All suggestions are welcome! Thank you!


----------



## KyokoSmile124 (Jul 23, 2015)

- Leafpool
- Evergreen
- Mysteria
- Kingdom
- Oasis
- F?ngsōng[means relax in Chinese ]
- Lush
- Stoica 
- Halcyon 

Hope those inspired you a bit ^w^


----------



## The221Believer (Jul 23, 2015)

Halcyon
Natura
Thalassa (it means sea, but I think it has a rather natural flow to it, and it does sound a little mysterious)

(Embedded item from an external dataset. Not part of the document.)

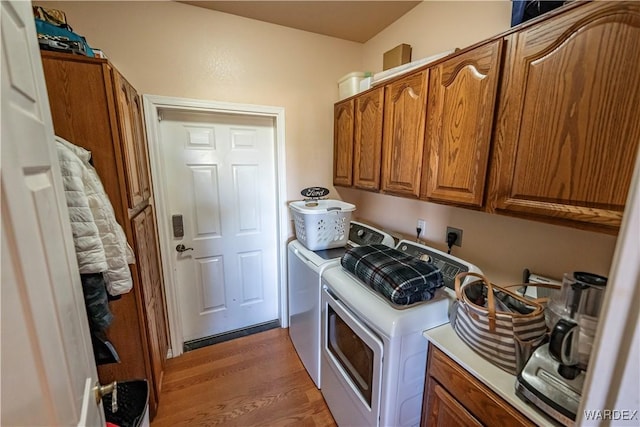 clothes washing area featuring cabinet space, washer and clothes dryer, and wood finished floors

I recommend looking at this website for any sort of strange words. For example, one might be very fond of Kalo as a name, from kalology, the study of beauty.


----------



## Mega_Cabbage (Jul 23, 2015)

Lore
Wonder/Wander
Lyris
Radiance
Skystone (the moon)


----------



## Cold~ (Jul 23, 2015)

Why don't you pick a very ominous latin or italian word? That might fit very well the theme you are describing!
I'll give you a list:

- Umbra (shadow in latin)
- Pluvia (rain in latin)
- Natura (nature in italian/latin)
- Mirabilia (wonderful in latin)
- Aurora/Diluculum (dawn in latin)
- Obcasus (sunset in latin)

Try it yourself! (;


----------



## kaitastrophe (Jul 23, 2015)

Boop!


----------



## kaitastrophe (Jul 24, 2015)

Reviving!
Please help!


----------



## yoshiskye1 (Jul 24, 2015)

here's some nice Japanese words I've strung together

Tsuki- Moon
Asahi- Morning sun
Sasamura- Quiet village
Mayonaka- Midnight
Harusame- Spring rain

And some Latin because why not

Luna Via- Moon Street/road
Silva- Forest
Mare- Sea
Natura- Nature
Caelum- Sky


----------



## TarzanGirl (Jul 24, 2015)

Some names of flowers that sound like good town names (some shortened to 8 letter limit):
-Dahlia
-Edelweis
-Primrose
-Freesia
-Heather
-Hyacinth
-Zinnia
-Stargaze
-Lilium
-Larkspur
-Spirea

I personally like Larkspur


----------



## leiladesu (Jul 24, 2015)

Oasis
Rivene
Treetop
Rosebush
Oceana
Wind
Cloud
Paradise


----------



## RainCrossing (Jul 25, 2015)

Oasis
Rivendel
Havendel
Haven
Mysteria
Wysteria


----------